Short text fragments from websites
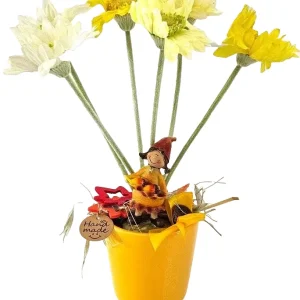 CASA - POADOR TOPFBLUME Kunstblumen Keramikgefäß Figur Blätter Geschenk
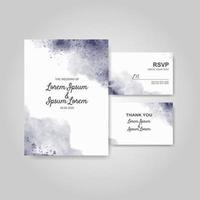 Wedding invitation with abstract watercolor background vector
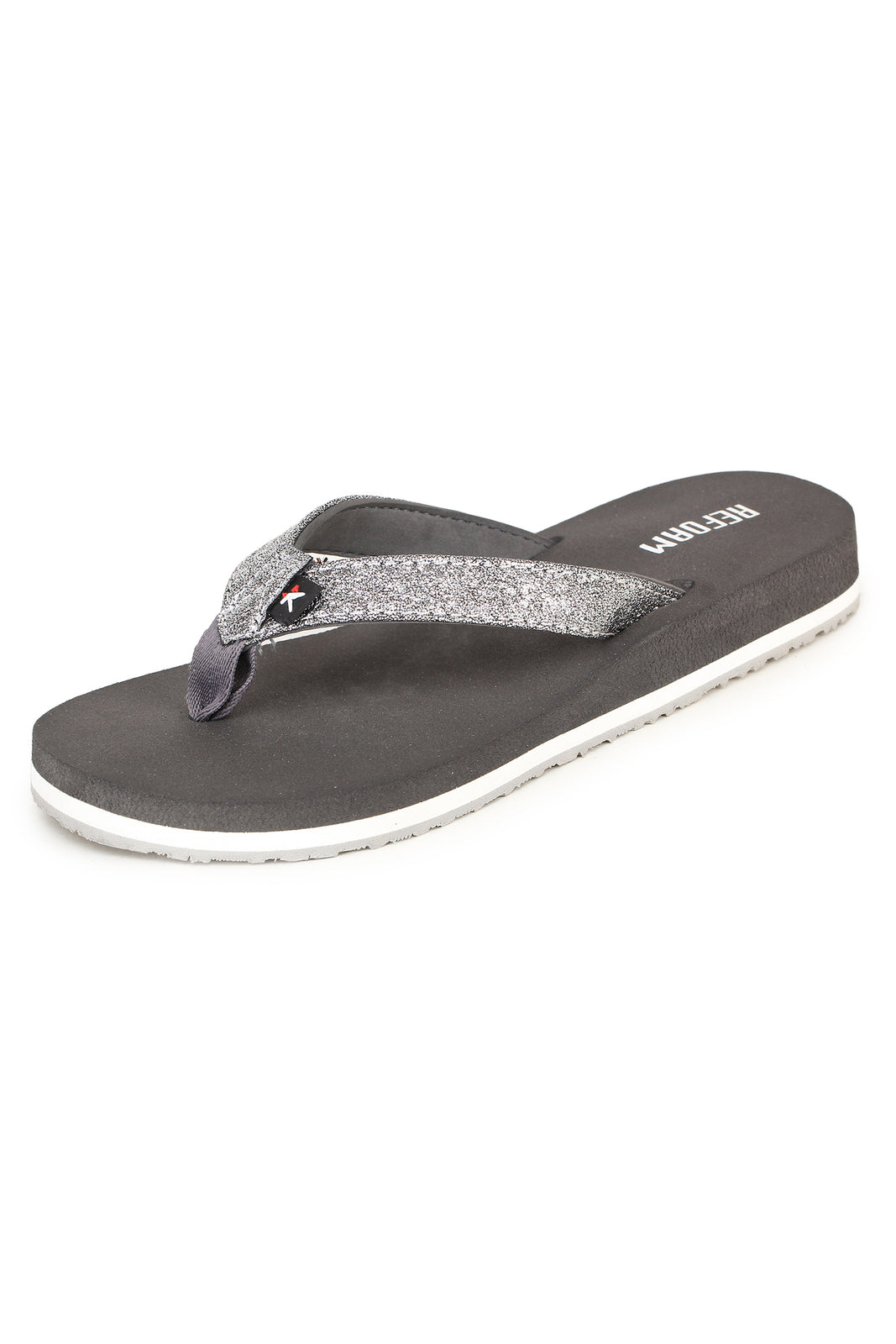 Grey Solid Rubber Slip On Casual Slippers For Women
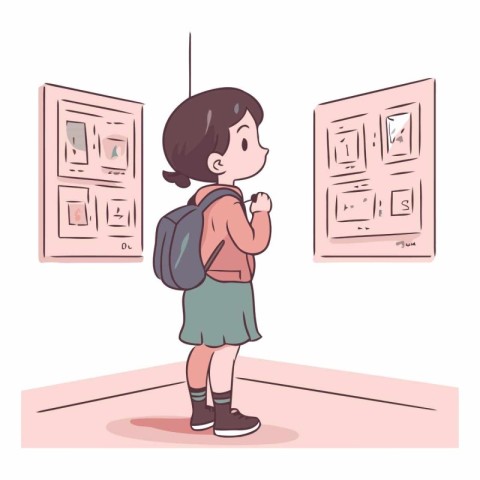 Vector illustration of a girl with a backpack looking at paintin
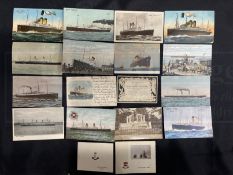 OCEAN LINER: R.M.S. Lusitania book postcard plus a collection of other related liner cards including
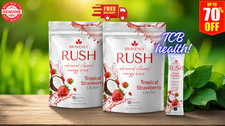 2 BAGS BRAVENLY RUSH Tropical Strawberry Enegry Drink 28(x2) Stick Pack - NEWW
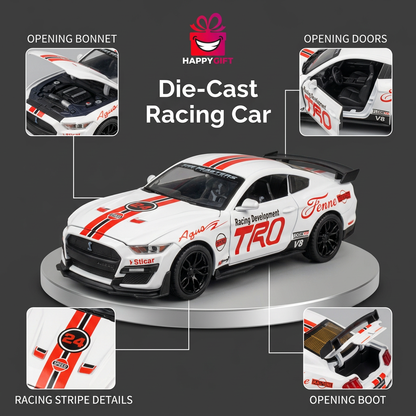 White Die-Cast Racing Car with Opening Doors | Happy Gift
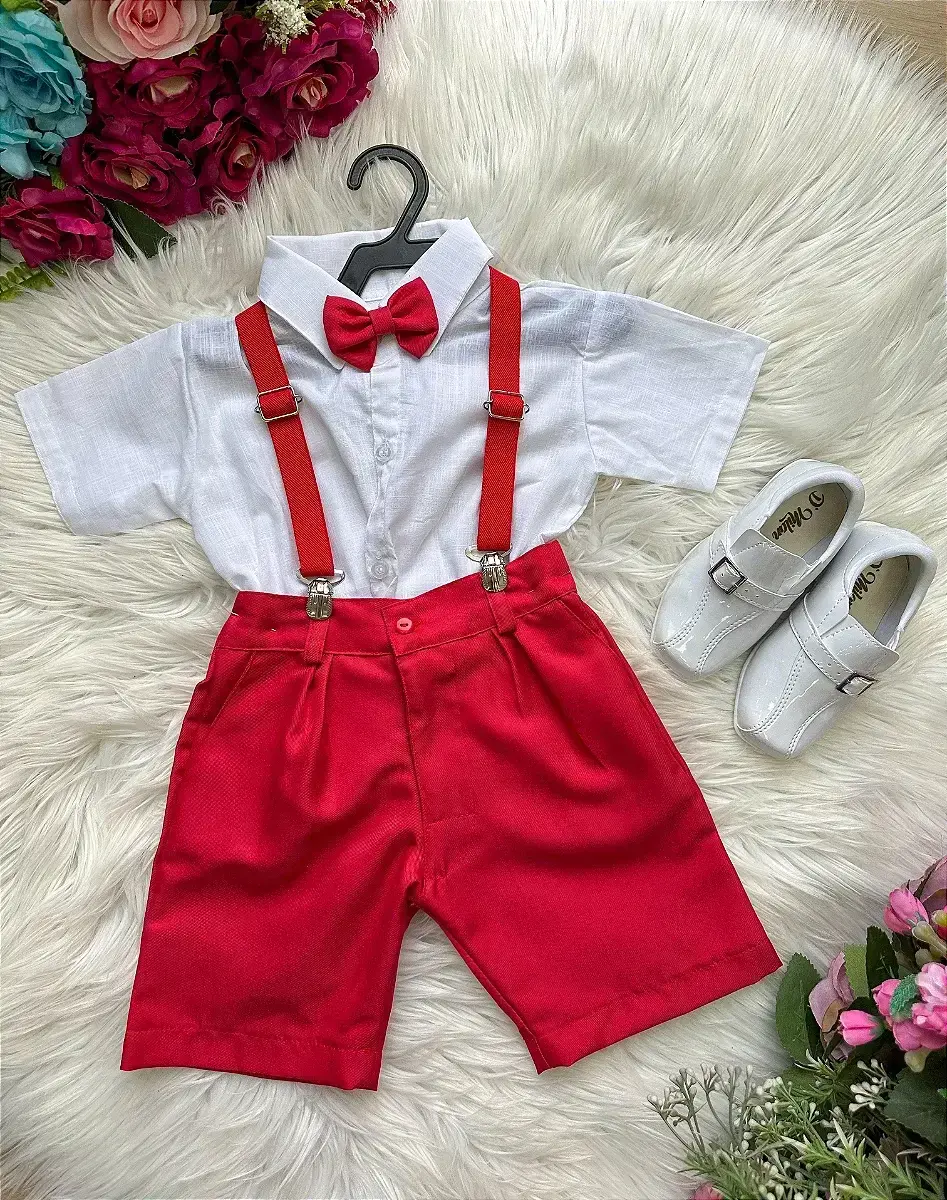 Conjunto henry camisa branca suspensório vermelho, foto 2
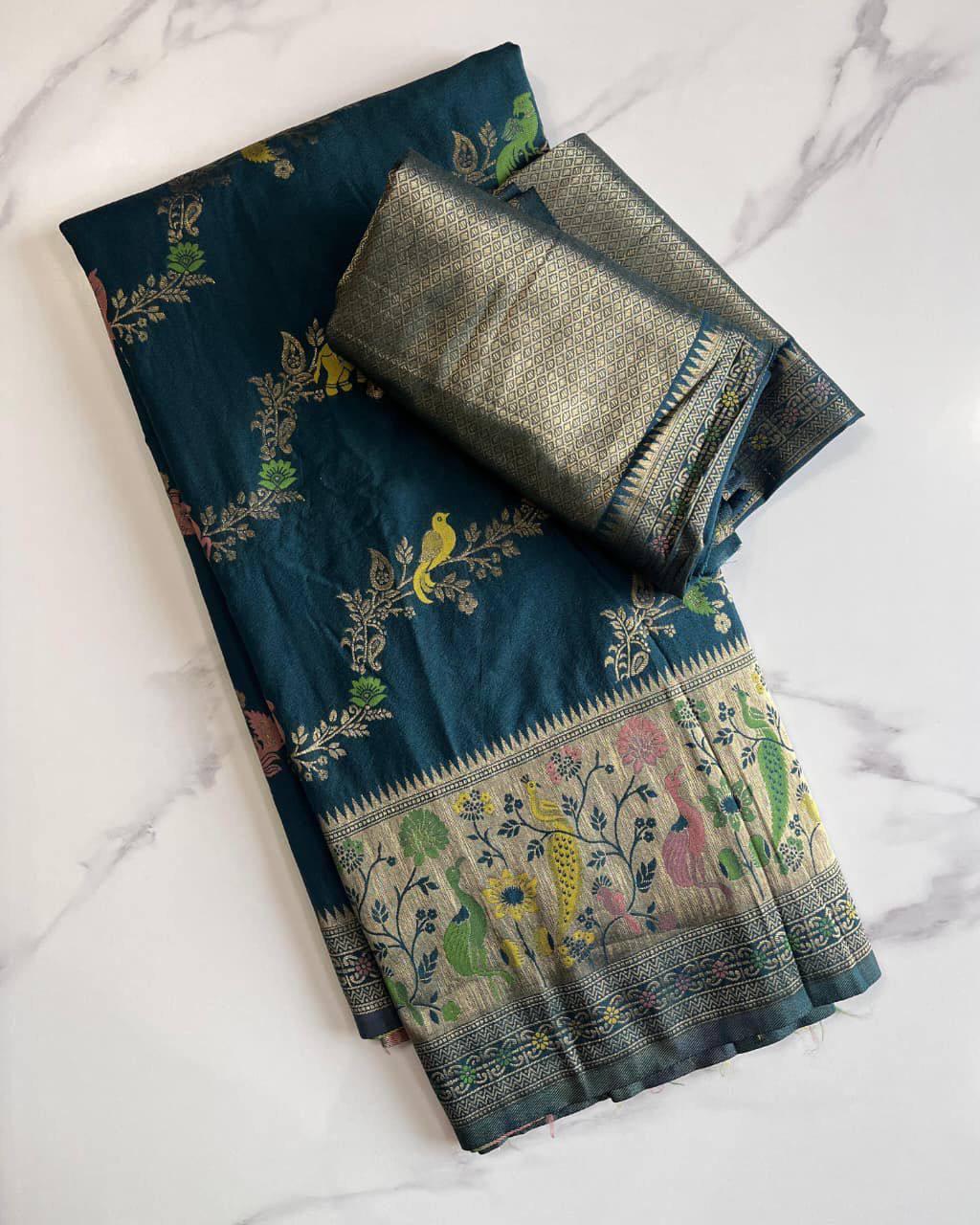 Effervescent Rama Soft Banarasi Silk Saree With Angelic Blouse Piece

What is expected => Type out the data above once more, exactly, with no images included.

Exercise solution =>
 CASA - POADOR TOPFBLUME Kunstblumen Keramikgefäß Figur Blätter Geschenk
 Wedding invitation with abstract watercolor background vector
 Grey Solid Rubber Slip On Casual Slippers For Women
 Vector illustration of a girl with a backpack looking at paintin
 OCEAN LINER: R.M.S. Lusitania book postcard plus a collection of other related liner cards including
 2 BAGS BRAVENLY RUSH Tropical Strawberry Enegry Drink 28(x2) Stick Pack - NEWW
 White Die-Cast Racing Car with Opening Doors | Happy Gift
 Conjunto henry camisa branca suspensório vermelho, foto 2
 Effervescent Rama Soft Banarasi Silk Saree With Angelic Blouse Piece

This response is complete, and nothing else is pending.